Introduction: The objective of this pilot study was to obtain preliminary data on the efficacy and feasibility of incorporating geriatric assessment (GA) into radiation oncology (RO) with regard to patient outcomes and treatment decisions. Materials and Methods: Feasibility was assessed via the percentage of patients able to complete certain aspects of the assessment on their own, or with the assistance of a carer before appointments, was recorded. Consultation times and referrals were also documented. All participants (n=30) underwent GA at baseline, before randomisation to the intervention/control arm and commencement of radiotherapy treatment planning procedures. The results of GA were relayed to the Radiation Oncologist (RO) for the intervention arm only. GA was repeated for each participant three months after the completion of radiotherapy.
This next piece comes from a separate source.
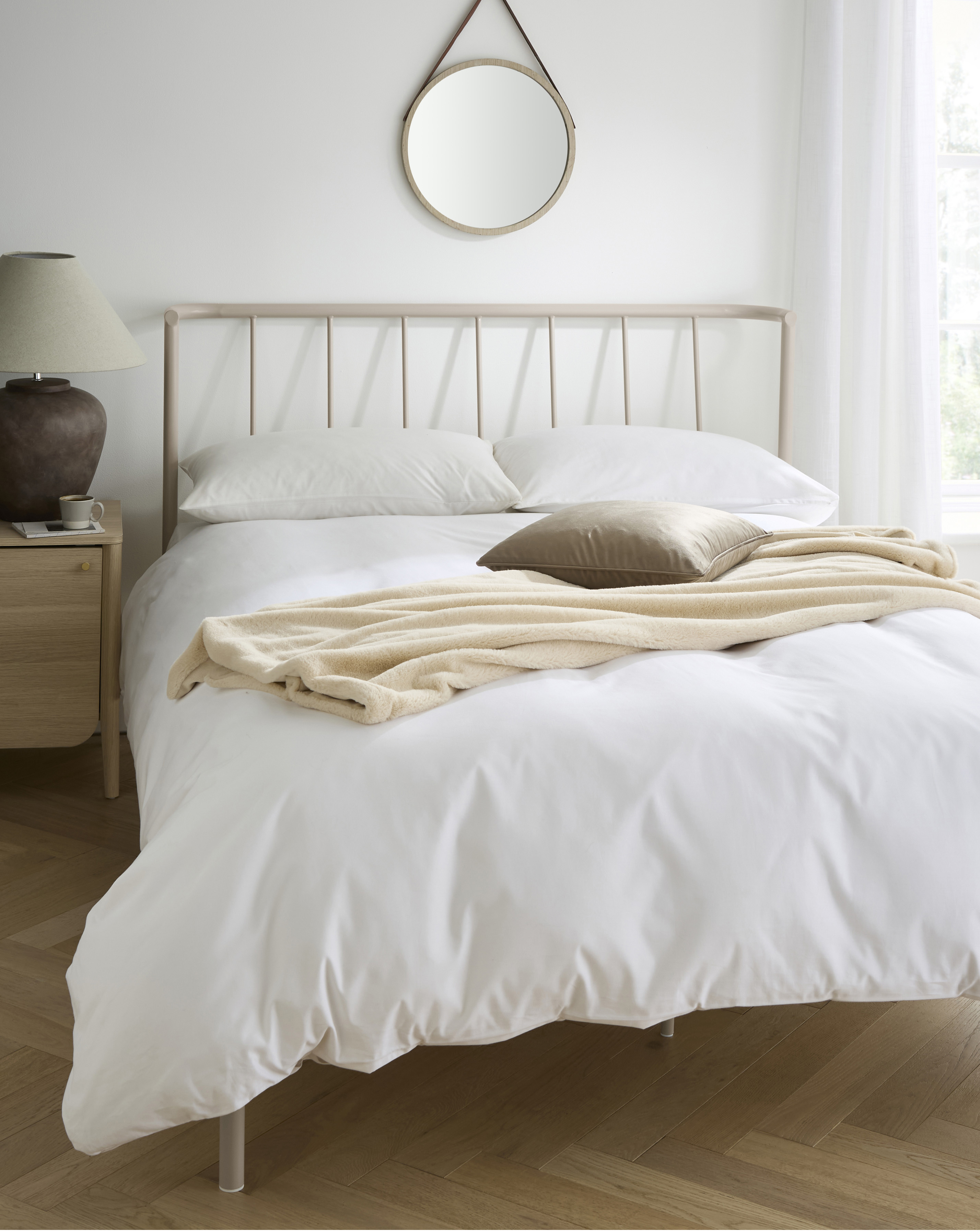 Cole Curved Metal Bed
Results: There was some evidence of increasing dependence, at three month follow-up, in ADLs and IADLs, less mobility (TUG score), higher GDS scores and increased vulnerability. However, these were not statistically significant. All patients underwent their predefined radiotherapy treatment plan, without modification. A number of deficits on GA were identified that may be considered significant for older patients. Conclusion: The impact on decision making may reflect a lack of experience and familiarity with GA and how to interpret it, as well as an obvious gap in the literature as to how it affects radiotherapy patient outcomes.